Sliding window counter:
type RedisRateLimiter struct {
redis *redis.Client
limit int
window time.Duration
}
func (l *RedisRateLimiter) Allow(ctx context.Context, key string) (bool, error) {
now := time.Now().UnixMilli()
windowStart := now - l.window.Milliseconds()

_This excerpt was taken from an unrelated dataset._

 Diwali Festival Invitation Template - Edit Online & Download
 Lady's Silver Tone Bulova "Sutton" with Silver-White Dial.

pipe := l.redis.Pipeline()
// Remove expired entries
pipe.ZRemRangeByScore(ctx, key, "0", strconv.FormatInt(windowStart, 10))
// Count current window
countCmd := pipe.ZCard(ctx, key)
// Add current request
pipe.ZAdd(ctx, key, redis.Z{Score: float64(now), Member: now})
// Set expiry on the key
pipe.Expire(ctx, key, l.window)
_, err := pipe.Exec(ctx)
if err != nil {
return false, err
}
return countCmd.Val() < int64(l.limit), nil
}
Fixed window with Lua for atomicity:
var rateLimitScript = redis.NewScript(`
local key = KEYS[1]
local limit = tonumber(ARGV[1])
local window = tonumber(ARGV[2])
local current = redis.call('INCR', key)
if current == 1 then
redis.call('EXPIRE', key, window)
end
if current > limit then
return 0
end
return 1
`)
func (l *RedisRateLimiter) AllowFixed(ctx context.Context, key string) (bool, error) {
windowKey := fmt.Sprintf("rl:%s:%d", key, time.Now().Unix()/int64(l.window.Seconds()))

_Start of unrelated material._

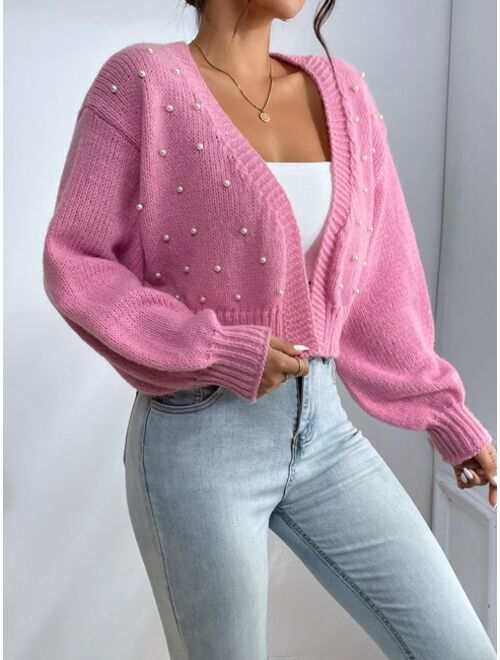 SHEIN Qutie Versatile Minimalist Solid Color Studded Cardigan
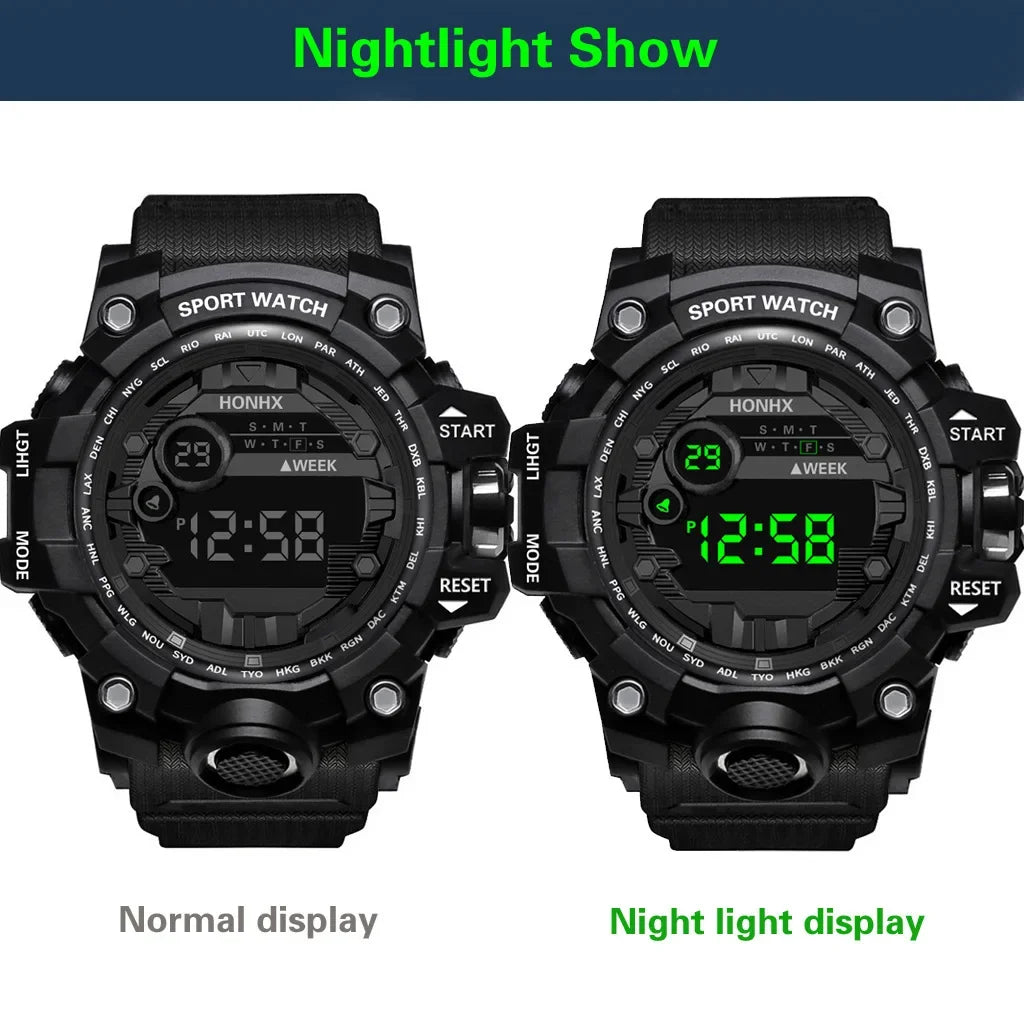 YIKAZE Y12 Men's Sports Watch Waterproof Luminous Men Sport Watch Multifunction Digital Electronic Wristwatch Clock for Boy Kids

result, err := rateLimitScript.Run(ctx, l.redis, []string{windowKey}, l.limit, int(l.window.Seconds())).Int()
if err != nil {
return false, err
}
return result == 1, nil
}
Response Headers
Always tell clients about their rate limit status:
func (l *RateLimiter) Middleware(next http.Handler) http.Handler {
return http.HandlerFunc(func(w http.ResponseWriter, r *http.Request) {
userID := getUserID(r)
remaining, resetAt, allowed := l.Check(r.Context(), userID)
w.Header().Set("X-RateLimit-Limit", strconv.Itoa(l.limit))

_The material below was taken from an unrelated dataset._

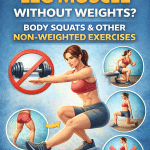 Illustration of a woman performing a pistol squat surrounded by bodyweight leg exercises like lunges and split squats, highlighting how to build leg muscle without weights using non-weighted exercises.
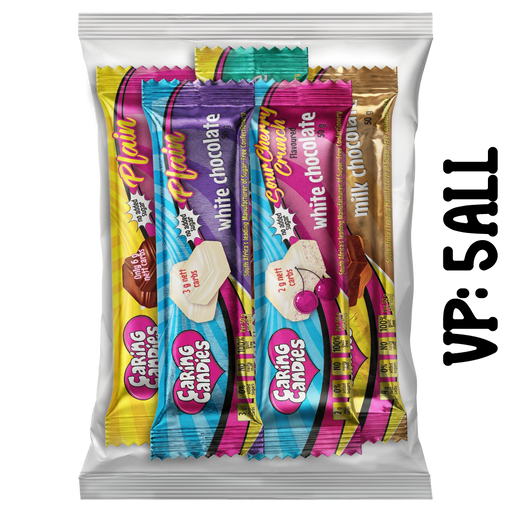 variety pack of 5 assorted sugar-free 50g premium milk and white chocolate bars from Caring Candies. Ideal for those following a diabetic, gluten-free, sugar-free, keto, banting, and low carb lifestyle diet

w.Header().Set("X-RateLimit-Remaining", strconv.Itoa(remaining))
w.Header().Set("X-RateLimit-Reset", strconv.FormatInt(resetAt.Unix(), 10))
if !allowed {
w.Header().Set("Retry-After", strconv.Itoa(int(time.Until(resetAt).Seconds())))
http.Error(w, "rate limit exceeded", http.StatusTooManyRequests)
return
}
next.ServeHTTP(w, r)
})
}
Tiered Rate Limits
Different limits for different users:
type Tier struct {
RPS float64
Burst int
}
var tiers = map[string]Tier{
"free": {RPS: 10, Burst: 20},
"pro": {RPS: 100, Burst: 200},
"enterprise": {RPS: 1000, Burst: 2000},
}
func getTier(ctx context.Context, userID string) Tier {
plan := getUserPlan(ctx, userID)
if tier, ok := tiers[plan]; ok {
return tier
}
return tiers["free"]
}
Which Strategy When?
| Strategy | Use When |
|---|---|
| Global token bucket | Simple API protection |
| Per-user in-memory | Single instance, moderate users |
| Redis sliding window | Multi-instance, needs accuracy |
| Redis fixed window | Multi-instance, simpler, slight inaccuracy at window boundaries |
Rate limiting is about protecting your system while being fair to legitimate users. Always return helpful headers so clients can back off intelligently instead of hammering your API.